The increased efficiency means that EnCharge’s chips require an astonishing 20 times less energy than typical GPUs. What’s more, they’re extremely versatile, with EnCharge having built an entire suite of software tools for developers to optimize the chips for efficiency, performance and fidelity.
They’re mounted onto cards that can plug directly into a PCIe interface, which means they can be fitted onto a wide range of devices and machines. They can even be used in tandem with GPUs, the company says.
Holger Mueller of Constellation Research Inc. said it’s nice to see EnCharge targeting improvements in the runtime cost of AI, as most of the cost-cutting efforts in the industry thus far have been focused on the costs of training AI models. There’s also a need to address challenges posed by AI at the edge, which faces power constraints, he said.
“EnCharge is doing things differently from traditional AI runtime architectures, and its approach looks to be promising,” Mueller noted. “The question will be how well can existing models run on its silicon?

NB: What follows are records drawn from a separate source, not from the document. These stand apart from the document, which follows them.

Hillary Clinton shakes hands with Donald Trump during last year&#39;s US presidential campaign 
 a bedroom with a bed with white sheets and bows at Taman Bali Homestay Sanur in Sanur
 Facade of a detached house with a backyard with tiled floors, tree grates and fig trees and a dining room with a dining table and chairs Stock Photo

If they don’t run so well, then retraining efforts will push up the total cost of ownership and potentially negate any gains it delivers.”

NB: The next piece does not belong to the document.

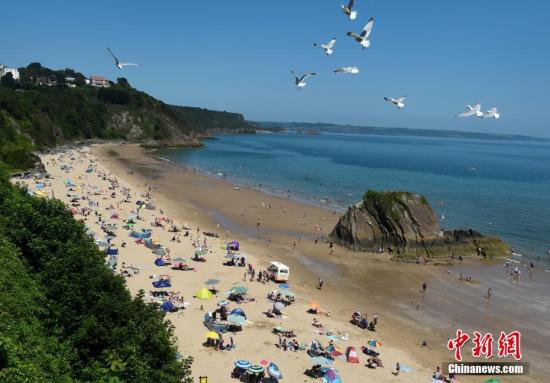 当地时间2019年7月23日,英国威尔士,当地迎高温天气,民众到海滩享受休闲时光。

EnCharge’s efficiency gains have gotten a lot of attention from companies in the defense and aerospace industries, said RTX Ventures Managing Director Dan Ateya. “EnCharge’s analog in-memory architecture can be transformative for defense and aerospace use cases, where size, weight and power constraints limit how AI is deployed today,” he said.

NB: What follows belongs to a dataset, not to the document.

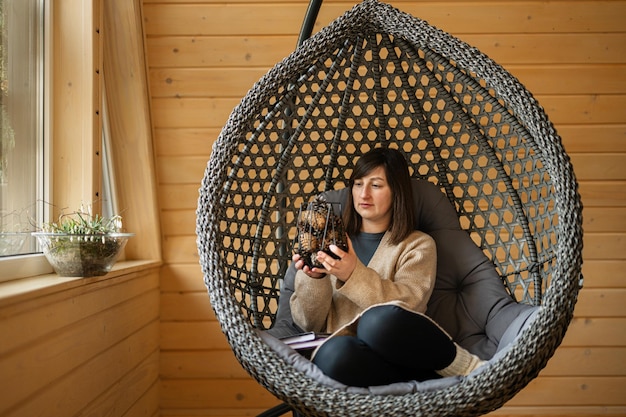 Trabajo remoto y escapar al concepto de la naturaleza La mujer se sienta en un columpio de silla de huevo y sostiene un jarrón de conos en una pequeña cabaña de madera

In addition, its technology should appeal to the broader AI industry at a time when customers are becoming increasingly concerned about the enormous energy demands required by the most powerful generative AI applications.
EnCharge’s roadmap calls for the company to move to advanced technology nodes as it prepares to start shipping a portfolio of its analog in-memory chips that will cater to different AI workloads spanning the data center to the edge.